***** Excerpted data
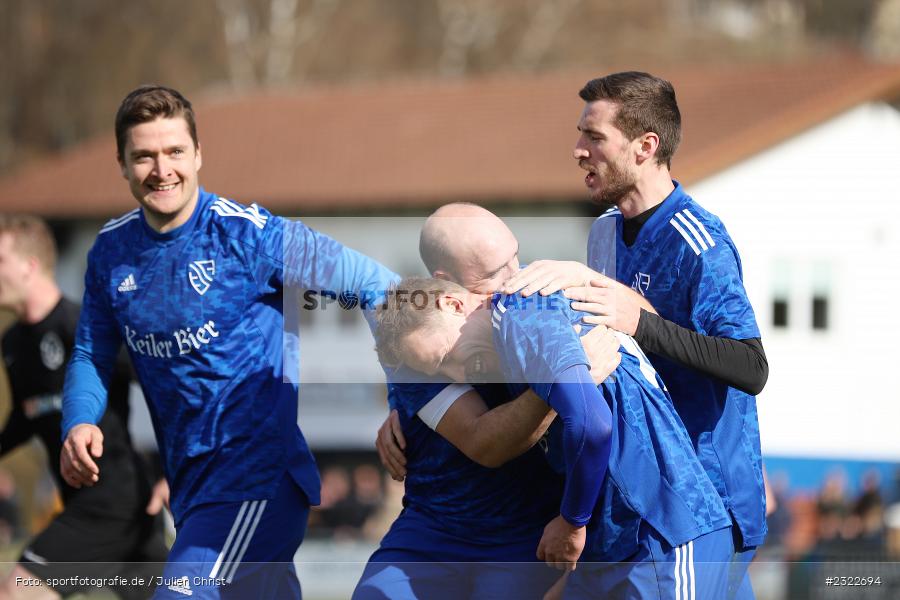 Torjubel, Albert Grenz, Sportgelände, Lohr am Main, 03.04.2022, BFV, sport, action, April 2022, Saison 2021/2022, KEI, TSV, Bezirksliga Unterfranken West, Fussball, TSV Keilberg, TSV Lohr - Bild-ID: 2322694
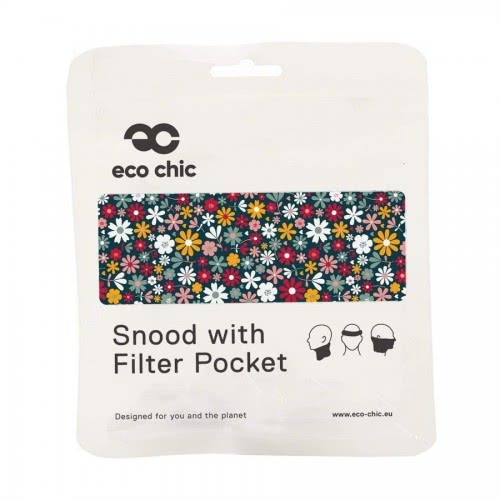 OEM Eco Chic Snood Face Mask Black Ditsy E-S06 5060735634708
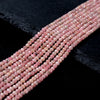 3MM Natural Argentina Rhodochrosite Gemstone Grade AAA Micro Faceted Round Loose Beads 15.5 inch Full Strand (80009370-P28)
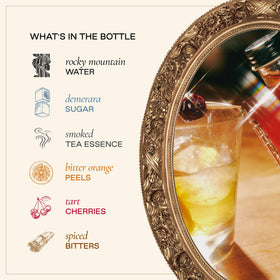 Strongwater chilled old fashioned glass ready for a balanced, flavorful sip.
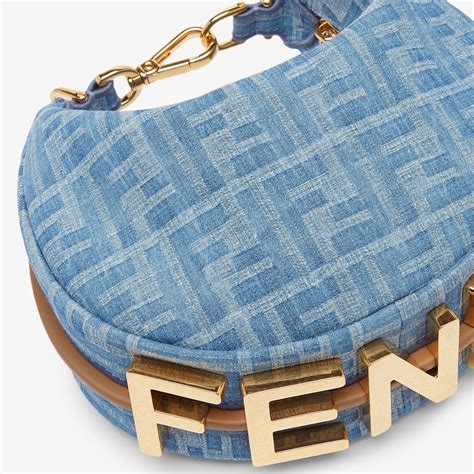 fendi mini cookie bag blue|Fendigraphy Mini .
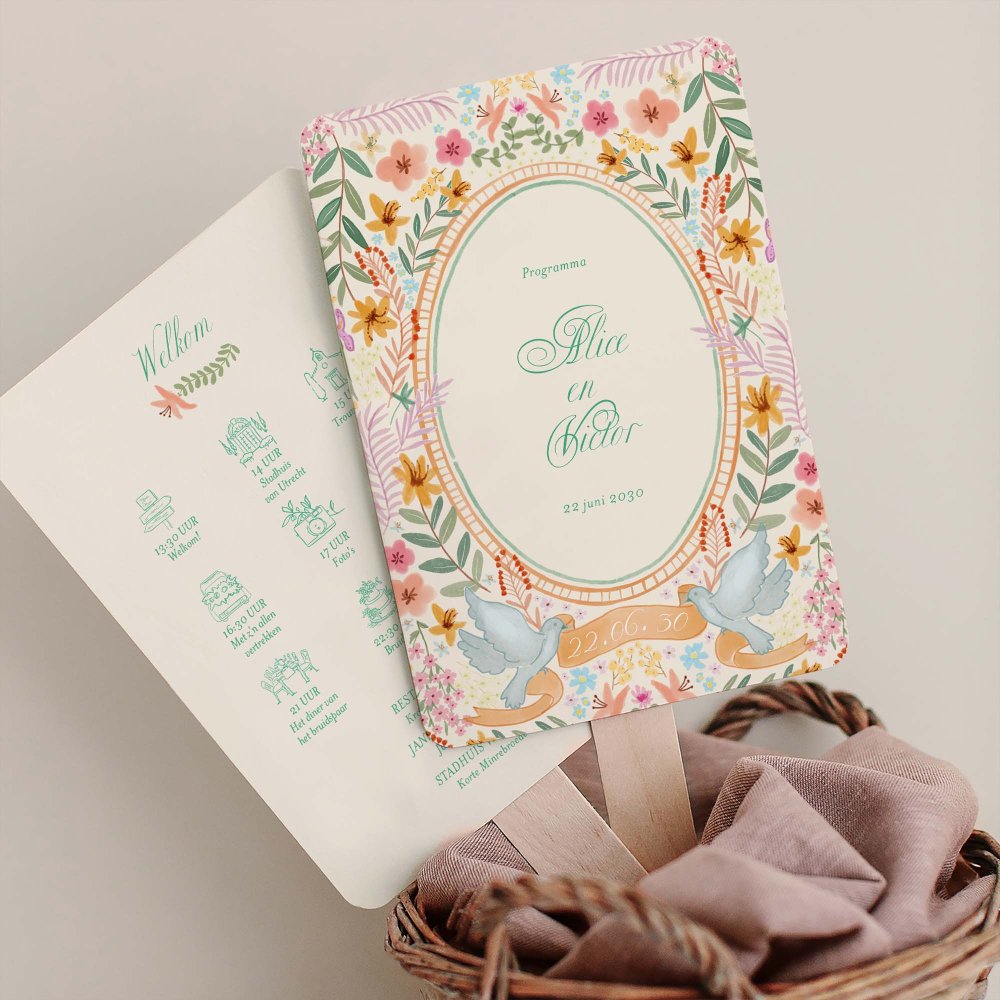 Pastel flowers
**********
Print once more, exactly, the lines from the one with "3MM Natural Argentina" through the last line of the data, both ends included, without any pictures.

 3MM Natural Argentina Rhodochrosite Gemstone Grade AAA Micro Faceted Round Loose Beads 15.5 inch Full Strand (80009370-P28)
 Strongwater chilled old fashioned glass ready for a balanced, flavorful sip.
 fendi mini cookie bag blue|Fendigraphy Mini .
 Pastel flowers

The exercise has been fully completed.